# Christmas Bay



## Speckhunter77 (May 14, 2006)

Got to Christmas this morning at around 9am and began wading the sw part of bay. I tried a few topwwaters with no luck. The wind was blowing from south lightly and the water was green. Looked to be a good day hopefully. About 45 min. later,i was throwing a TTF plum/chart. trout killer when i hooked up with a 19'' flounder about a 150 yards off the south shoreline. I fished for about 3.5 hrs and managed another flatty that came in at 15''. just a few bites here and there,but noithing else. Construction on Bluewater Hghwy is coming along. Drove to Ernies bait camp to see how the beach road was. It got a little soft at the end towards Ernies,but no problem. I seen cars driving it. I wish i could beat the cold front and go again tomarrow. I seen two other guys out in the middle of the bay at a reef hooking up,good day for them possibly..........SEMPER FI.


----------



## trio-assassin (Nov 4, 2008)

good job....better than i did the other day over there


----------



## pinkskittermaster (Oct 31, 2008)

sounds about like the trip i had there the other day, but i waded out from earnies about 200 yards out. Threw everything in the box, ended up catching one fat flattie and lost one trout right at the net.


----------



## snapper (Aug 22, 2005)

Good report and good looking fish, THANKS.


----------



## jtownsend2 (Mar 25, 2005)

Is the boat ramp at Ernie's open?

Thanks!


----------



## Speckhunter77 (May 14, 2006)

Yes sir,the boat ramp at Ernie's is open.......there was noone there today but you can launch.


----------



## spannymacker (Jan 3, 2008)

thanks for the report. Nice Flounder!


----------



## Speckwrangler (May 27, 2004)

Man the water looks awesome! I have a ton of pics from that very spot. Bringing back some fond memories. 

SW


----------



## bayfishin (Mar 5, 2009)

nice fish


----------



## koncept1 (Jan 27, 2009)

nice! Did u put in at Ernies?


----------



## 12lbtest (Jun 1, 2005)

Say I'm bringing a boat down to launch at Ernie's, in your opinion would it be easier to come in from Galveston or from Surfside? 

Thanks, 
12lb


----------



## koncept1 (Jan 27, 2009)

surfside...so u dont have to go through the mile or so that is detoured onto the beach...its soft in some areas...dont know how well you would get through that pulling a boat...


----------



## dwhite (Jul 11, 2007)

Nice flatties, congrats!


----------



## WestEndAngler (Jan 30, 2007)

Nice fish! We caught a few there Monday. Going back Friday


----------



## jtownsend2 (Mar 25, 2005)

Sorry to belabor this!

I'd prefer to come through Galveston to get to Ernie's. Can it be done? Has anyone responding done it?

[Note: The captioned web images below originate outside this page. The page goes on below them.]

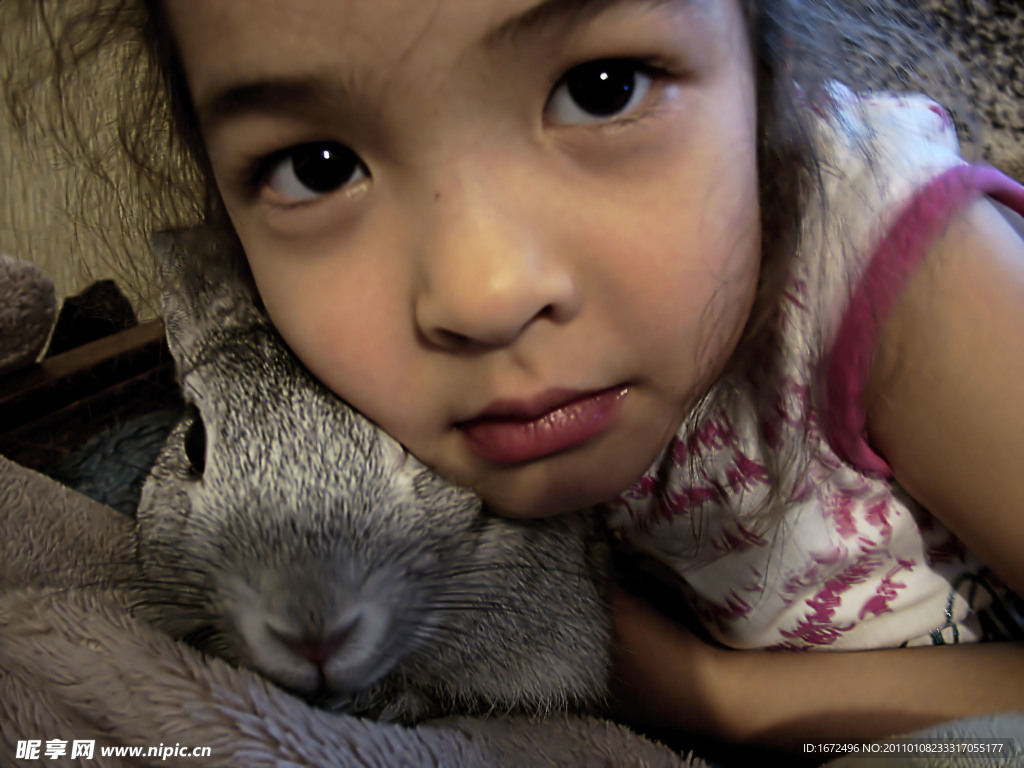 可爱女孩兔子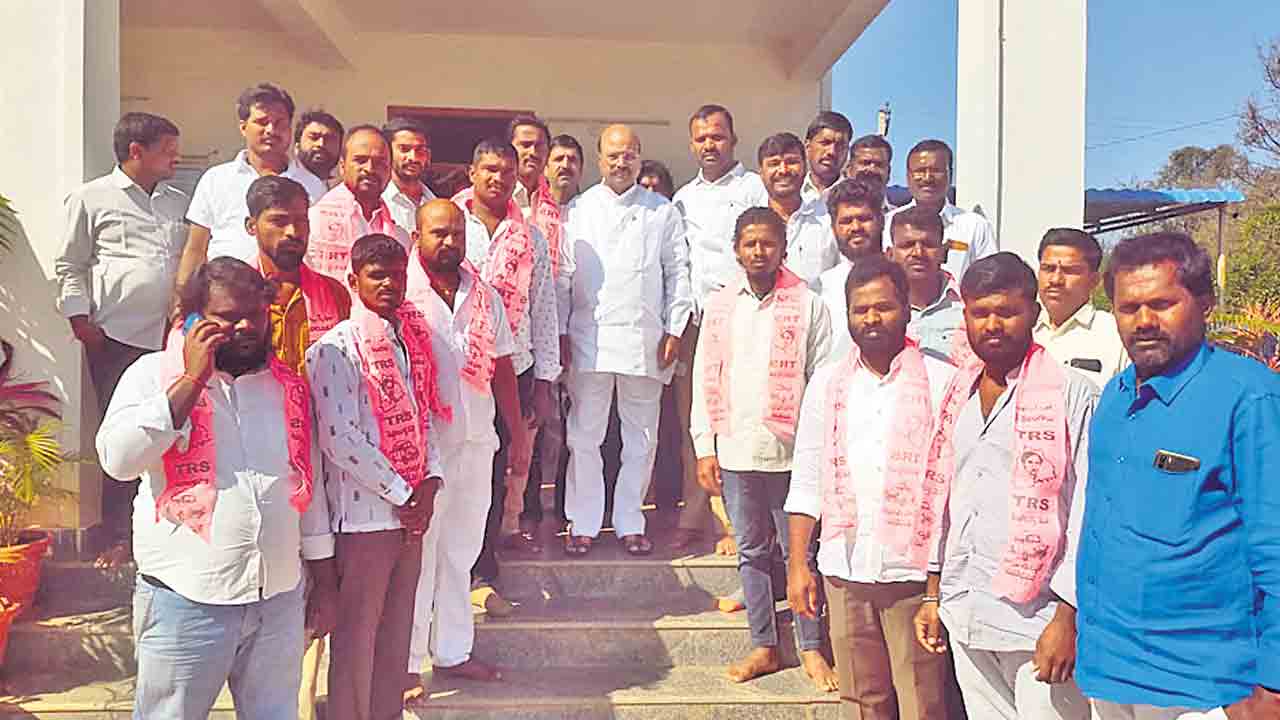 పథకాలకు ఆకర్షితులై బీఆర్‌ఎస్‌లోకి చేరికలు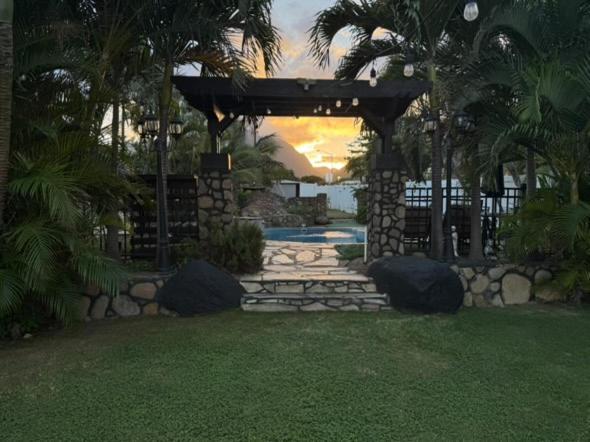 Robbins Estate Wailuku — photo 1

FYI: My truck is not 4 wheel drive.

Thanks!


----------



## WestEndAngler (Jan 30, 2007)

Yes you can! Toll Booth is still free too... You'll be on paved road the whole time, you'll see some patch work where they've put down a stabilized base to fill in where the road was washed out... The beach crossing is past Ernies I believe...


----------



## Gilbert (May 25, 2004)

koncept1 said:


> surfside...so u dont have to go through the mile or so that is detoured onto the beach...its soft in some areas...dont know how well you would get through that pulling a boat...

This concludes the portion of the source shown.